Add Cyrilyc charracters to unicode.mapping
When using ModSecurity to protect sites written in non-english language a unicode mapping is required to translate characters to ascii (latin) equivalents. This is used in different places.
Most commonly (at least in my scenario) this falls on it heads when decoding strings and evaluating them for sql injection and similar nastiness.
If the mapping is incomplete (as currently is) the input is decoded to some garbage which triggers sql injection alert
Sample:
name1=%D0%B4%D0%B8%D0%BC%D0%B8%D1%82%D1%80%D0%BE%D0%B2 is decoded as name1: \\\\\\\\x135>@3852\ which strangely enough matches 1ov in libinjection (libinjection is not point of discussion here).
The issue is exactly the same as:
- https://github.com/SpiderLabs/owasp-modsecurity-crs/issues/794
- https://github.com/SpiderLabs/ModSecurity/issues/348
- https://github.com/SpiderLabs/ModSecurity/issues/1601
The following pull request adds mapping for some cyrilyc characters (at least for my use case).

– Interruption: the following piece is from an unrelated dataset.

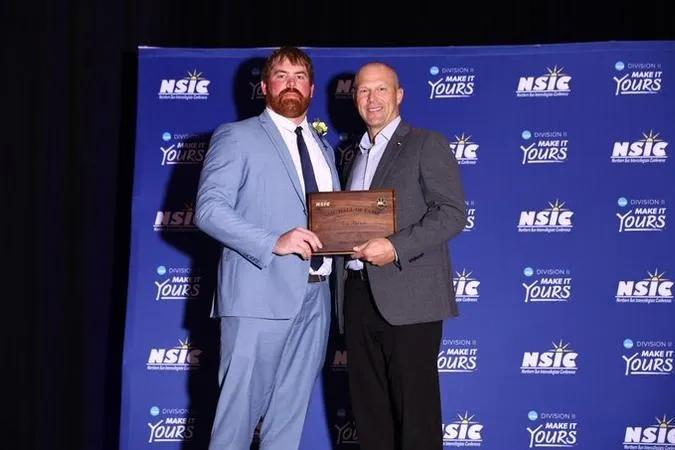 Former WSC All-American defensive end Troy Pribnow inducted into NSIC Hall of Fame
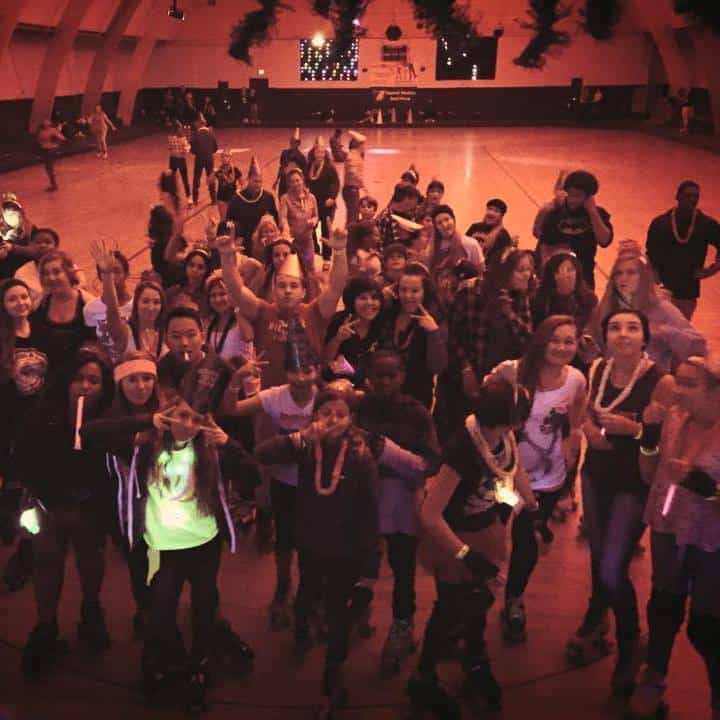 10897863_889090517790093_6927975602970645144_n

More speciffically unicode range 0x0410 - 0x44f. Attempt was made to follow as best transliteration rules, but as some glyphs are transliterated to multiple characters (e.g. Щ == SHT) some decissions have been made.
This has been tested and is currently being used in production.
Versions:
- ModSecurity: 2.9.2 (ubuntu 18.04 packaged)
- CRS: 3.0.2